Segment Start: Data extract

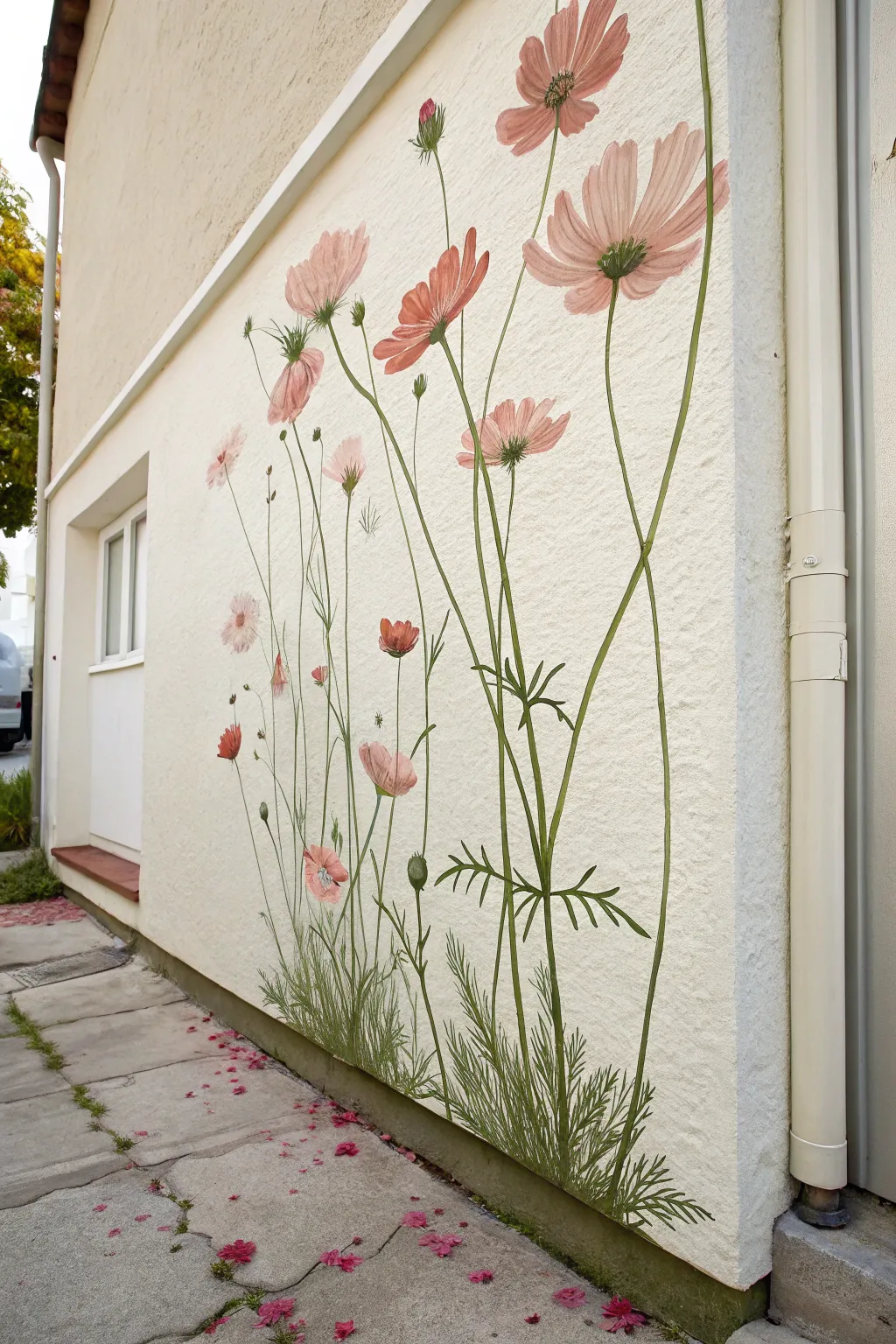 Extra-tall cosmos and poppies mural for a light, airy look that visually lifts the whole wall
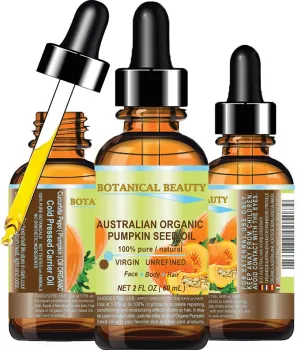 Australian ORGANIC PUMPKIN SEED OIL 100% Pure Natural Virgin Unrefined Cold Pressed Carrier Oil. 2 Fl.oz.- 60 ml. for Face, Skin, Hair, Lip, Nails by Botanical Beauty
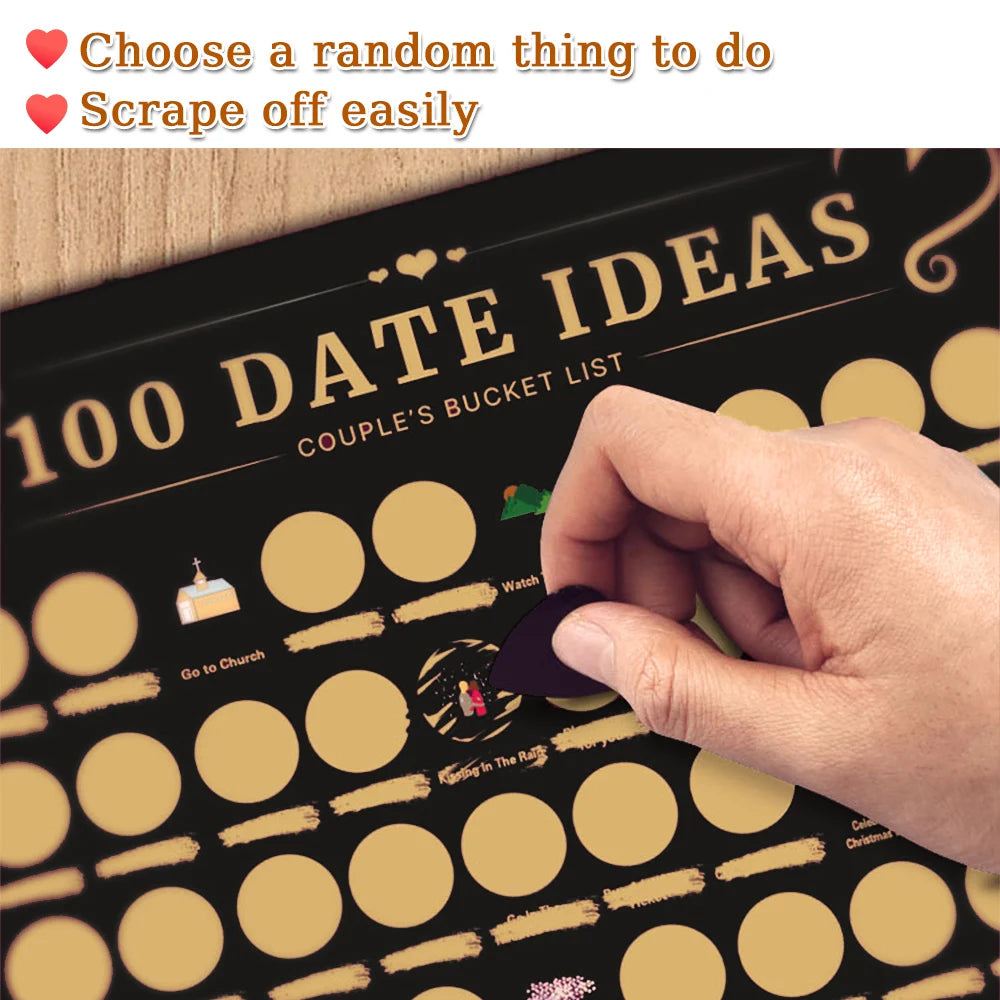 Poster à gratter « 100 idées de rendez-vous » – Défis romantiques et coquins à faire en couple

Segment End: Data extract

Across the whole listing above, repeat each line exactly and leave out the images.

» Problem solution
 Extra-tall cosmos and poppies mural for a light, airy look that visually lifts the whole wall
 Australian ORGANIC PUMPKIN SEED OIL 100% Pure Natural Virgin Unrefined Cold Pressed Carrier Oil. 2 Fl.oz.- 60 ml. for Face, Skin, Hair, Lip, Nails by Botanical Beauty
 Poster à gratter « 100 idées de rendez-vous » – Défis romantiques et coquins à faire en couple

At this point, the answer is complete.